The Metrics Manifesto - Why you need an objective function

Hypst is an early stage startup - the elevator pitch is "like Facebook, before it became mainstream". The founders of Hypst have read a lot about A/B testing and statistics, and they decide to use the techniques they learned to improve engagement.

The first thing they notice is that not enough people are inviting their cool friends. So they come up with alternate captions, and discover that "invite only your cool friends" achieves 20% more invitations than "invite your buddies". They commit this version to master and continue. Then they notice that no one is clicking on their "liked it before it was cool" button. They come up with alternate designs, run an A/B test, and discover that a green button achieves 20% more clicks than a blue one. The third thing they notice is that people don't engage with the Irony Feed. They tweak their algorithm, run another A/B test, and discover that a wider Irony Feed gets 20% more clicks than the original design.

All their tests were run with proper statistical methods and clean experiment design. All the aforementioned test results were statistically valid. Yet somehow, after running these three tests and implementing the best version, they observe that clicks are down 2.8% across all categories. WTF just happened?

In the first test, they increased invitations by 20%. They also reduced clicks on the "liked it before it was cool" button and the "irony feed" by 10%. Since the goal was to increase invitations, they went ahead.

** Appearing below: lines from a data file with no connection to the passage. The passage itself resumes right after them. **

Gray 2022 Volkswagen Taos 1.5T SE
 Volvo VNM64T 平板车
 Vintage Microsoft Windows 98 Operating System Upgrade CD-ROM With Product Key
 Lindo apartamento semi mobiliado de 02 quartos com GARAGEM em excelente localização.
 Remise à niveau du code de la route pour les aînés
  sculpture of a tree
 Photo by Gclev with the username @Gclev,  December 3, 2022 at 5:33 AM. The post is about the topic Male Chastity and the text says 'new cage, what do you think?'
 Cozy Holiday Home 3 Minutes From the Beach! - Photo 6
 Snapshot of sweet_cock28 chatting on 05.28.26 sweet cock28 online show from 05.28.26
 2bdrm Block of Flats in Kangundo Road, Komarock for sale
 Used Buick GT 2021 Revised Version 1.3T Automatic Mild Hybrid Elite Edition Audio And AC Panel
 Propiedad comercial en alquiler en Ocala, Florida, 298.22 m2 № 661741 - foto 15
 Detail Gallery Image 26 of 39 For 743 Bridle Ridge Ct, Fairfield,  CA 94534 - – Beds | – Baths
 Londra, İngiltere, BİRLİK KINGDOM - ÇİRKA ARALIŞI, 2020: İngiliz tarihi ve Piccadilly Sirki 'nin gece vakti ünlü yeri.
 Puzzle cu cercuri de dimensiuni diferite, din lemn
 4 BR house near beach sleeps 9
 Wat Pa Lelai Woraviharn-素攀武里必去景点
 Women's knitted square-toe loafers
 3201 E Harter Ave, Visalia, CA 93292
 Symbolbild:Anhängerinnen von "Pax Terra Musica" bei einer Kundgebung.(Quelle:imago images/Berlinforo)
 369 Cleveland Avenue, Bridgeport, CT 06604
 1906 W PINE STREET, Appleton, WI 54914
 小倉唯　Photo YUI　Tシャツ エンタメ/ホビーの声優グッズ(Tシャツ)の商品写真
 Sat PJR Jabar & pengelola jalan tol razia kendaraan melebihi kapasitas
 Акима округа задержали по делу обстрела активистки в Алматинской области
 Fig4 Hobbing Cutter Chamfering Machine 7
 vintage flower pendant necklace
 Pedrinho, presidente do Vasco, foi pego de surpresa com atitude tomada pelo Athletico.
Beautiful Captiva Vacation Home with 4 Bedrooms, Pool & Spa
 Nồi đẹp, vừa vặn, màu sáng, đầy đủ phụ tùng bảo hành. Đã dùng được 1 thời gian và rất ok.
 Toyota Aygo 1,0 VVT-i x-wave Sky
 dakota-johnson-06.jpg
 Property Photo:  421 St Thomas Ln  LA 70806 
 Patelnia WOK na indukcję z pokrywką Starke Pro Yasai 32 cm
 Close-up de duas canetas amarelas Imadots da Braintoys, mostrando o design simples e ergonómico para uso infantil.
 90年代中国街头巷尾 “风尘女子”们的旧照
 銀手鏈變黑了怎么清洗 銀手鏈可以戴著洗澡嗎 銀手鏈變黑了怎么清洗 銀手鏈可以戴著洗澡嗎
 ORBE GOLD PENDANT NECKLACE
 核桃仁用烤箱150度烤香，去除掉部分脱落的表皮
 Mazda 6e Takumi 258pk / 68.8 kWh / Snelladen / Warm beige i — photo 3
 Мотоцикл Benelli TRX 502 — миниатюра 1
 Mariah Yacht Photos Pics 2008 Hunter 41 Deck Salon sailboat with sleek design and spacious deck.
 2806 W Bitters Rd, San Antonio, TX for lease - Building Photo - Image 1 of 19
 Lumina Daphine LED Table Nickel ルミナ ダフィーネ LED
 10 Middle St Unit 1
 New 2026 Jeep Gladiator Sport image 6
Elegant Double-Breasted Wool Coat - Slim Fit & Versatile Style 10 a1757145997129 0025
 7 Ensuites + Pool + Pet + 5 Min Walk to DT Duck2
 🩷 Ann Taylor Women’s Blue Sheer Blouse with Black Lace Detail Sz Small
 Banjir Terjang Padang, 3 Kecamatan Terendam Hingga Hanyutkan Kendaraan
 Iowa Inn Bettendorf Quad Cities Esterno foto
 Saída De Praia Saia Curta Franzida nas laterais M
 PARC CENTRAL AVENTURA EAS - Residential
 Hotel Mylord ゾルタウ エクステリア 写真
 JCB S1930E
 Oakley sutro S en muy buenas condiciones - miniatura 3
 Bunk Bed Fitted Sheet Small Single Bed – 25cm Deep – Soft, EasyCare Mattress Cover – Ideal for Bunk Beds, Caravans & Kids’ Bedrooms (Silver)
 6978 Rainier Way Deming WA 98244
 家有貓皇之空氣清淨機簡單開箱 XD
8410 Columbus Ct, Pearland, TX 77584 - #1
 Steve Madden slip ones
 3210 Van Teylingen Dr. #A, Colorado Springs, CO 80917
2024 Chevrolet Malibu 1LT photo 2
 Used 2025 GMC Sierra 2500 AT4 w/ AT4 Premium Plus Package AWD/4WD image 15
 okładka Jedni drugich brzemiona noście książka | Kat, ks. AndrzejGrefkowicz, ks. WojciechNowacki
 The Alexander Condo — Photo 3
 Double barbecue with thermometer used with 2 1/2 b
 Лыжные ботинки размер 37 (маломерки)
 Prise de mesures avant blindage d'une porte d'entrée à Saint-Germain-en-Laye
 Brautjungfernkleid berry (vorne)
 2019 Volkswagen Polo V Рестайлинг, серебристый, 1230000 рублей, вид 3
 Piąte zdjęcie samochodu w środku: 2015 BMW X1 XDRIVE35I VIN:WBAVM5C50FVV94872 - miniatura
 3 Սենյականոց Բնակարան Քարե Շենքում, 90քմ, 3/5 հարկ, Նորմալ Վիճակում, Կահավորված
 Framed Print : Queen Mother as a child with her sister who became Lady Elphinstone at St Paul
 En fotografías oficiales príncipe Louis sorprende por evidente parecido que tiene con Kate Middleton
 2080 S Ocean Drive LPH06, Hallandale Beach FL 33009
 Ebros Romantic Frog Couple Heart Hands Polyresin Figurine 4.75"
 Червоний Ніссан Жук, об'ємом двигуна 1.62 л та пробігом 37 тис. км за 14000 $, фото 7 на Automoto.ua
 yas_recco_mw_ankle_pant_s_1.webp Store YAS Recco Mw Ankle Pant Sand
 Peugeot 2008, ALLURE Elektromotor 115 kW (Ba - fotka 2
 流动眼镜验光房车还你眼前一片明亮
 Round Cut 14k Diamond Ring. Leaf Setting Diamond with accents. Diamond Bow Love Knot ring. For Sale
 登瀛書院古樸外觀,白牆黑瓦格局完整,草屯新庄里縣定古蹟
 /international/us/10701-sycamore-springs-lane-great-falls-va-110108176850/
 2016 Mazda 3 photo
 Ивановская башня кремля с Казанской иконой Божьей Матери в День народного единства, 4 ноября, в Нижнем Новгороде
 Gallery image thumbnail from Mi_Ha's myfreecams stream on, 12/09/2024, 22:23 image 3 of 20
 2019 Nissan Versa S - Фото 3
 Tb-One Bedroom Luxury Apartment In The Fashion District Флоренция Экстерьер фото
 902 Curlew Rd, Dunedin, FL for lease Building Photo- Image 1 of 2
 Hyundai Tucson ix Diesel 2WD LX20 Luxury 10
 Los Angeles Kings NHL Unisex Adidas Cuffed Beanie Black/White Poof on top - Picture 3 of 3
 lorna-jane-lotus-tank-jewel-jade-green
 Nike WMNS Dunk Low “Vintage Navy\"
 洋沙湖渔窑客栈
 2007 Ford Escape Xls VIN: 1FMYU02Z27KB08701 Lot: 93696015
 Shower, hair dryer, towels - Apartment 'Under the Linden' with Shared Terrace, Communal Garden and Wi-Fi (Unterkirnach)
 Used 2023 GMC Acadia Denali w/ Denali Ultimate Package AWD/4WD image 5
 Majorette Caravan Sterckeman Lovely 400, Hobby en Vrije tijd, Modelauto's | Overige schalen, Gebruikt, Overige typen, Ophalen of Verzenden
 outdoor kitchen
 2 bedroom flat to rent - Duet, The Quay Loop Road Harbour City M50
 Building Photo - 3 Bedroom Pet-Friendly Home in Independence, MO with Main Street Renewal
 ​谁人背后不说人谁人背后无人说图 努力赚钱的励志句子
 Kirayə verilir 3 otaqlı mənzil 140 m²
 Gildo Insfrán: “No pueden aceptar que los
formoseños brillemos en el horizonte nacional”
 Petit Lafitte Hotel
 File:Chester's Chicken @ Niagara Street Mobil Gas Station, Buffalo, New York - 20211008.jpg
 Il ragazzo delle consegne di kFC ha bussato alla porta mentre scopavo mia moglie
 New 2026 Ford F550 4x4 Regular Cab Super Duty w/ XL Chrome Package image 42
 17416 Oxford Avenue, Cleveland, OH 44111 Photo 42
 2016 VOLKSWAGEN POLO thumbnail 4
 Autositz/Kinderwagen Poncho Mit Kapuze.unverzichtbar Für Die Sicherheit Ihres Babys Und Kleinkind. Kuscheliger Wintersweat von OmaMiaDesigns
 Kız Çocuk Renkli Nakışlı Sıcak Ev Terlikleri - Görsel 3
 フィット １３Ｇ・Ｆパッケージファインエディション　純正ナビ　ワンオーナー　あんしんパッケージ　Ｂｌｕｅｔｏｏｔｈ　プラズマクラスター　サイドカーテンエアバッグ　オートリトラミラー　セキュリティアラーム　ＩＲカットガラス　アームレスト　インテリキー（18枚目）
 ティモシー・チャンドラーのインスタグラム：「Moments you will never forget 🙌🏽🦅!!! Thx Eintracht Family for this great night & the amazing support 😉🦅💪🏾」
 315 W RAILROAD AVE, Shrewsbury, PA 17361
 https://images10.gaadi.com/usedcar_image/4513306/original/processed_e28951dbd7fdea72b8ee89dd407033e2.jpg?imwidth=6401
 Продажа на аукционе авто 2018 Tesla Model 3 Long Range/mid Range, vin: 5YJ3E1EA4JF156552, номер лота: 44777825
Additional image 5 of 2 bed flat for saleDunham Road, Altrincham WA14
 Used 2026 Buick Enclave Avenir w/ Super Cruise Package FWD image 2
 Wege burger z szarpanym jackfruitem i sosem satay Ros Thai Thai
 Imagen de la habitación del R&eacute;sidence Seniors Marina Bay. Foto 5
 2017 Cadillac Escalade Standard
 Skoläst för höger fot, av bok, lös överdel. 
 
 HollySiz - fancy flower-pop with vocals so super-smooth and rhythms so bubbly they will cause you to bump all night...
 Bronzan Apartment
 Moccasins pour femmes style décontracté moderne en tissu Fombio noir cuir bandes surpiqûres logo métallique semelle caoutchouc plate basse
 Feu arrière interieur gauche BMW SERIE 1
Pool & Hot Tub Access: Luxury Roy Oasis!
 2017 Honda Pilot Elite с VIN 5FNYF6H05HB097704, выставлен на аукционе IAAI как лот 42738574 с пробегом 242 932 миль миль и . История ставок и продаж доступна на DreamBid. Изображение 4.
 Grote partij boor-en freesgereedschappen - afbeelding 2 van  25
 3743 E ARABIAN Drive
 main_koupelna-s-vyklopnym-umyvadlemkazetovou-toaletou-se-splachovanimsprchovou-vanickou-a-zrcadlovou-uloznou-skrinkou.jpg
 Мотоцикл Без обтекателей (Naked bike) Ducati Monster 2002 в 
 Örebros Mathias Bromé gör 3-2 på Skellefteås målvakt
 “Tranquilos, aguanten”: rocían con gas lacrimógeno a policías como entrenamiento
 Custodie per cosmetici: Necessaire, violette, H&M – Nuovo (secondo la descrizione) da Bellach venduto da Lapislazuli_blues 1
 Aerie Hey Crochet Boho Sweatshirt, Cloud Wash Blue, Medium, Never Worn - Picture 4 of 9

In the second test, they increased Likes by 20%, but reduced clicks on invitations and irony by 10%. Since the goal was increasing Likes, they implemented the change.

In the third test, they increased clicks on the feed by 20%, and again reduced clicks on the other two parts of the site by 10%.

The net result is that each part of the site experienced a 20% improvement and 2 10% decreases - 120% x 90% x 90% = 97.2%, a 2.8% drop in overall engagement. It's a bit ironic that 3 good decision processes together lead to a bad decision.

What Hypst needed was an objective function - a single number to represent how close they are to their overall goal, and which they use to make all decisions.

Who should read this: My original plan was to write a single blog post about how to come up with good metrics. After it swelled to thousands of words, I decided to break it up. This post deals solely with what an objective function is and why you need one. If you are already convinced of this point, skip this post.

Objective Functions

Mathematical optimization is the field of study devoted to the following problem:

Given a function m(x), find the value of x which makes m(x) as large as possible.

The function m(x) is called your objective function.

In real world terms, m(x) is a success metric for your organization or process. It should be designed so that whenever you choose an x which makes m(x) larger, the outcome of your organization is improved. I'll use the terms "metric" and "objective function" interchangeably.

For example, at a for-profit company the obvious choice of m(x) would be profit, and x would be the set of states of the world. The goal is then to choose actions the company can take which will cause the resulting input x to maximize m(x) (which can be constrained to exclude some actions, such as "don't be evil" in the case of Google).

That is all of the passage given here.